QRT-PCR and western blot analysis were employed for detecting relative mRNA and protein expression of cell proliferation marker PCNA to assess the cell proliferation status in rat pulmonary arterial tissues. The results of qRT-PCR indicated that PCNA was up-regulated in hypoxia group compared with normoxia group. Besides, mRNA expression of PCNA was down-regulated in hypoxia + p-CASC2 group compared with hypoxia + p-cDNA3.1 group (Fig. 5a). In addition, up-regulation of lncRNA CASC2 partly alleviated the up-regulation of PCNA induced by hypoxia in hypoxia + p-CASC2 group compared with normoxia group. Besides, the results of western blot analysis were in line with the results indicated by qRT-PCR (Fig. 5b, c). To sum up, lncRNA CASC2 inhibited cell proliferation in hypoxia-induced rat pulmonary arterial tissues.

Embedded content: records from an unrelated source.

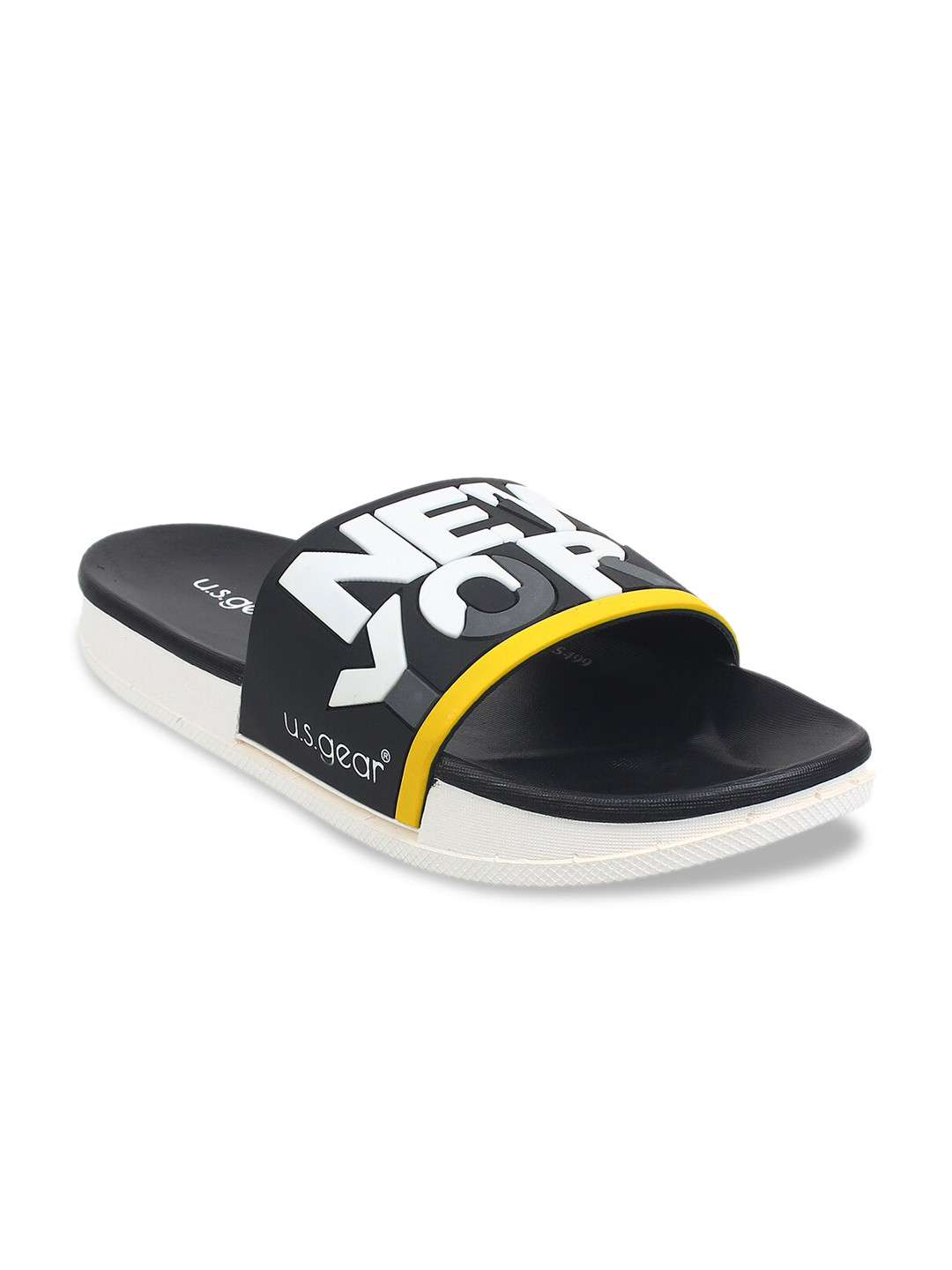 

US Gear Men Black Printed Sliders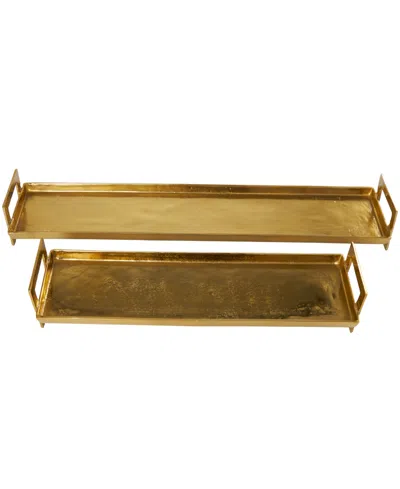 Rosemary Lane Modern Brass Tray, Set Of 2 In Gold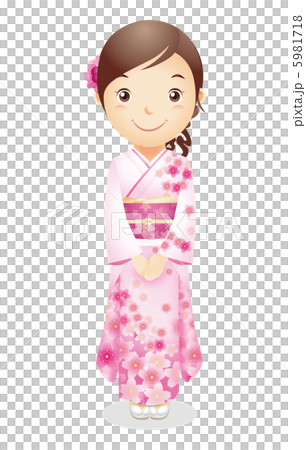 Female illustration of kimono figure 5981718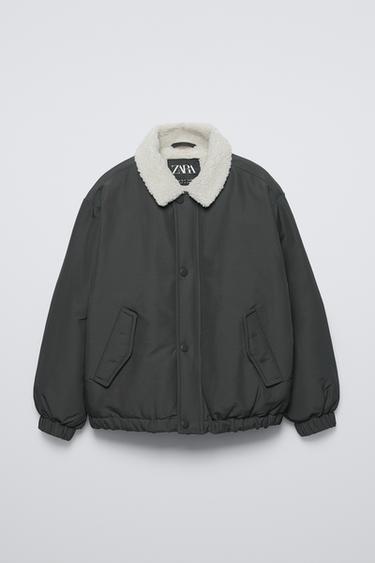 FAUX SHEARLING BOMBER JACKET - Stone by Zara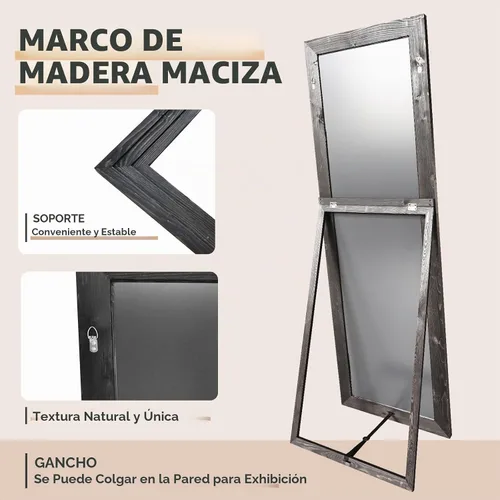 Vista 4 de Espejo de longitud completa de 65 x 22 pulgadas con marco de madera maciza para piso con soporte para colgar, poner de pie o apoyar contra la pared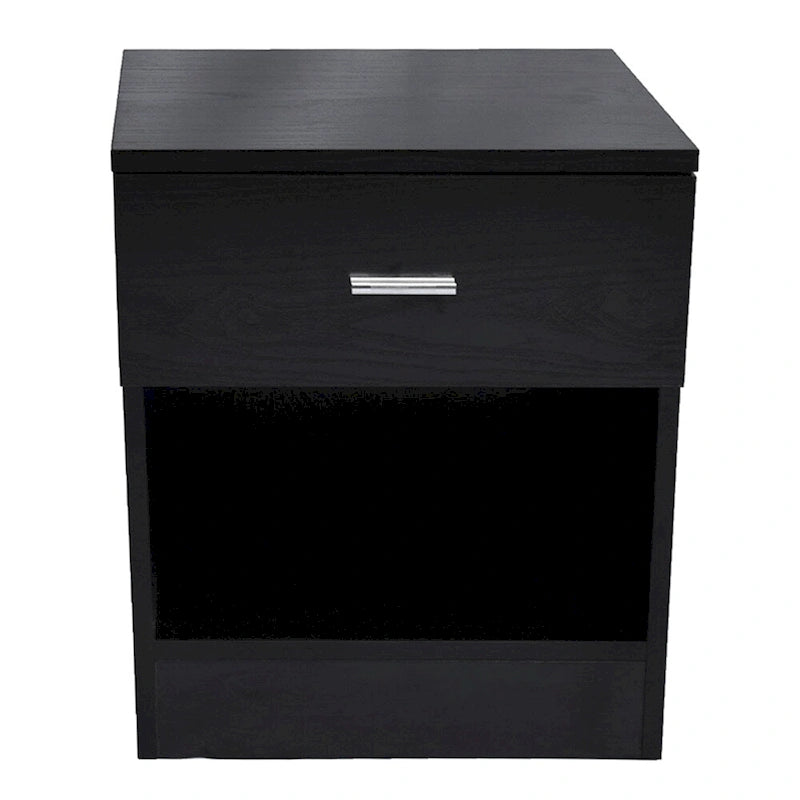 1-Drawer Metal Handle Bedside Cabinet Night Table White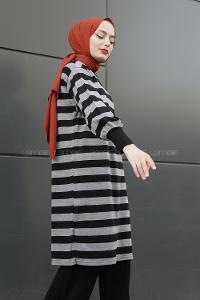 Modalamelif Yarım Boğazlı Balon Kol Tunik Gri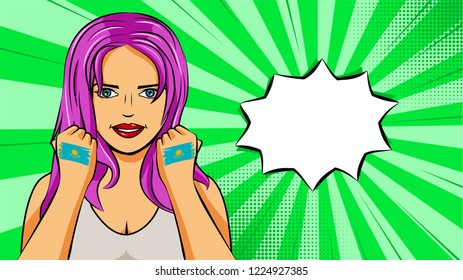 European woman paint hands of national flag Kazakhstan in pop art style illustration. Element of sport fan illustration for mobile and web apps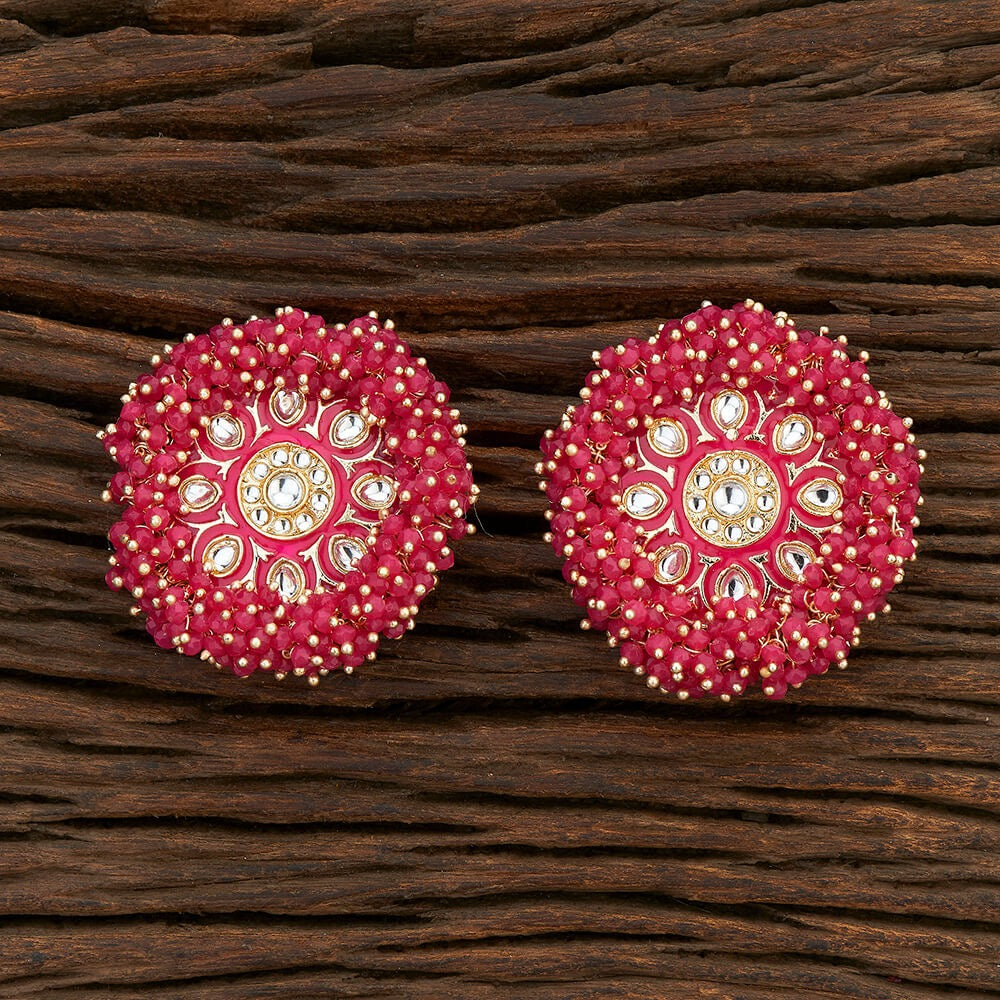 Lavish Giftz Gold Plated Indo Western Enamelled Meenakari Stud Earrings - Ruby Pink
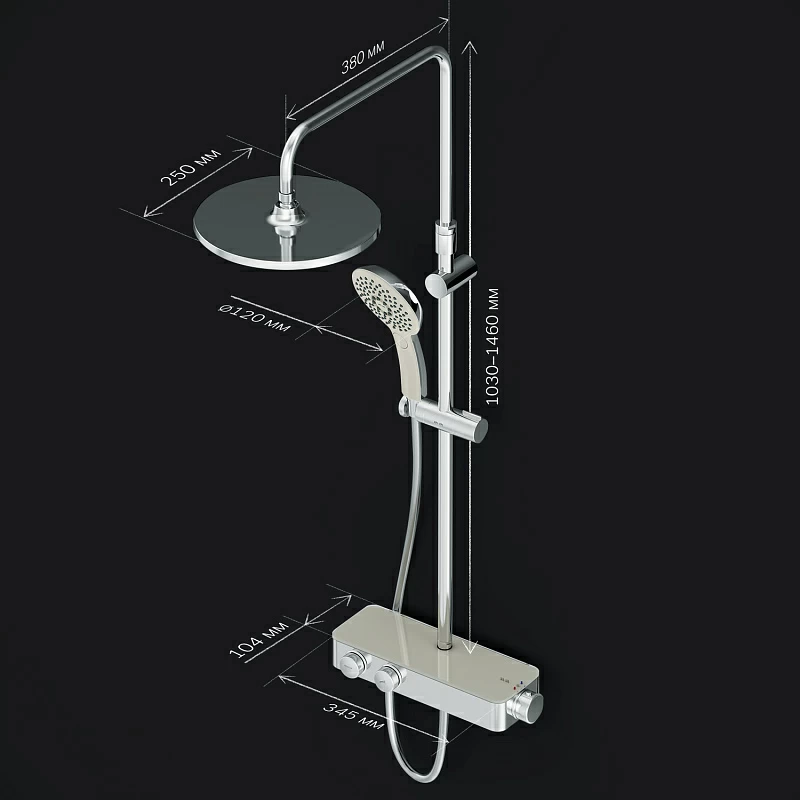 Душевая система AM.PM Inspire 2.0 F0750A400 стойка с тропическим душем, термостатом, хром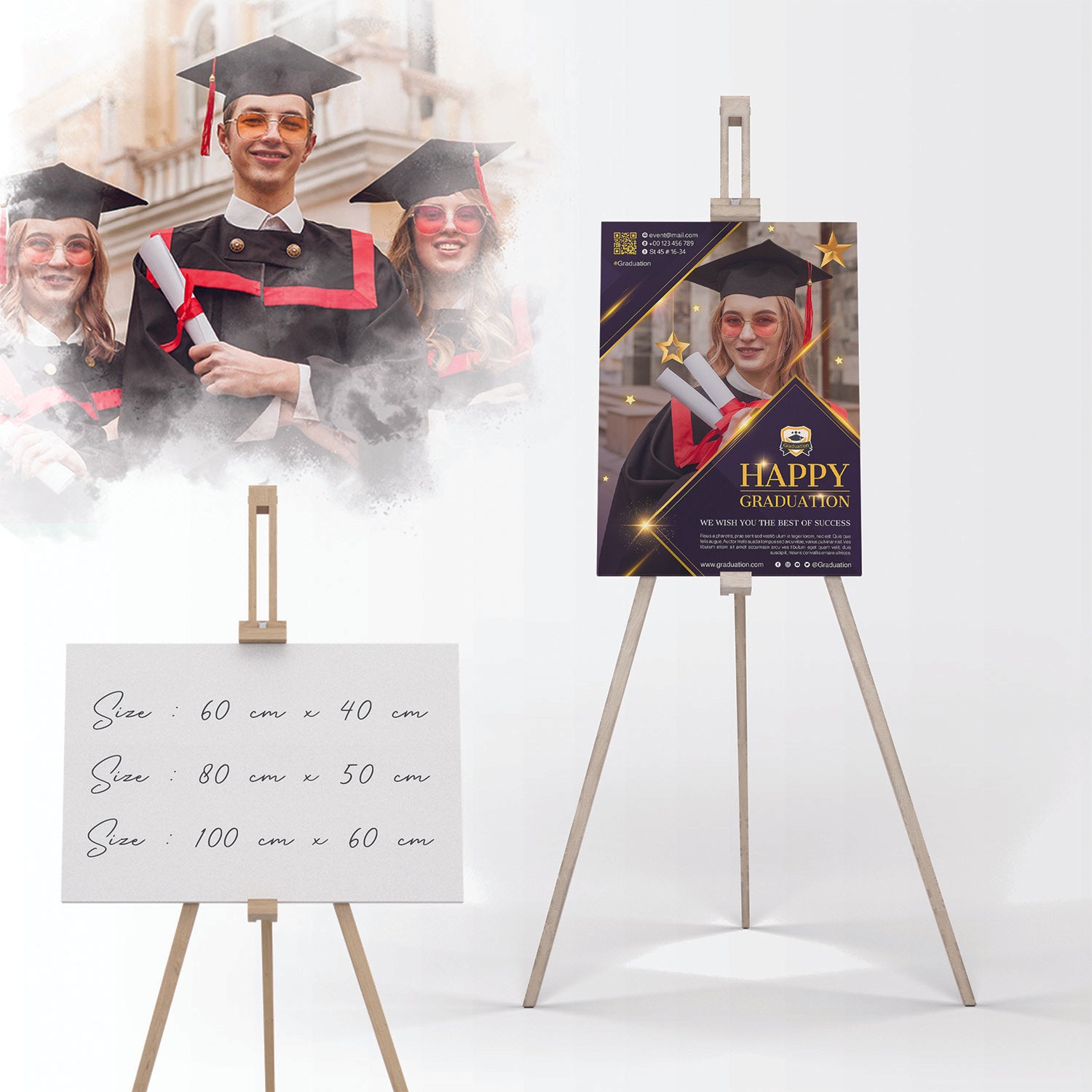 Graduation Banner with Drawing Wooden Stand - Jordan Offers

The expression of phenotype switch marker s was detected by IHC and western blot analysis in hypoxia-induced rat pulmonary arterial tissues. IHC results showed that α-SMA was decreased in hypoxia group compared with normoxia group. Besides, the expression α-SMA was increased in hypoxia + p-CASC2 group compared with hypoxia + pcDNA3.1 group (Fig. 6a). Down-regulation of α-SMA induced by hypoxia was partially relieved by up-regulation of lncRNA CASC2 in hypoxia + p-CASC2 group compared with normoxia group. Besides, the results of western blot analysis showed that the expression of myocardin, tropomysin and α-SMA were decreased, while expression of syndecan-1 was increased in hypoxia group compared with normoxia group. Besides, the expression of myocardin, tropomysin and α-SMA were increased, while the expression of syndecan-1 was decreased in hypoxia + p-CASC2 group compared with hypoxia + pcDNA3.1 group (Fig. 6b). Down-regulation of myocardin, tropomysin and α-SMA, as well as up-regulation of syndecan-1 induced by hypoxia was partly attenuated by up-regulation of lncRNA CASC2 in hypoxia + p-CASC2 group compared with normoxia group. Furthermore, Pulmonary artery morphometry was assessed by Masson′s trichrome staining and HE staining. The results of Masson′s trichrome staining showed that total of collagen fiber in aorta was greatly increased in hypoxia group compared with normoxia group. Besides, total of collagen fiber in aorta was decreased in hypoxia + p-CASC2 group compared with hypoxia + pcDNA3.1 group. Furthermore, up-regulation of total of collagen fiber in aorta by hypoxia was partially attenuated by overexpression of lncRNA CASC2 in hypoxia + p-CASC2 group compared with normoxia group (Fig. 7a). As shown in Fig. 7b, the results of HE staining indicated the pathological progress in hypoxia group compared with normoxia group. Besides, WA and WT and fibrosis of pulmonary arteries were significantly increased in hypoxia group compared with normoxia group. Meanwhile, compared with hypoxia + pcDNA3.1 group, WAWT and fibrosis of pulmonary arteries were notably decreased in hypoxia + p-CASC2 group (Fig. 7c, d). Besides, up-regulation of WA and WT induced by hypoxia was partly relieved by up-regulation of lncRNA CASC2 in hypoxia + p-CASC2 group compared with normoxia group. Above all, these results indicated that lncRNA CASC2 suppressed the phenotype switch and the vascular remodeling of hypoxia-induced rat pulmonary arterial tissues.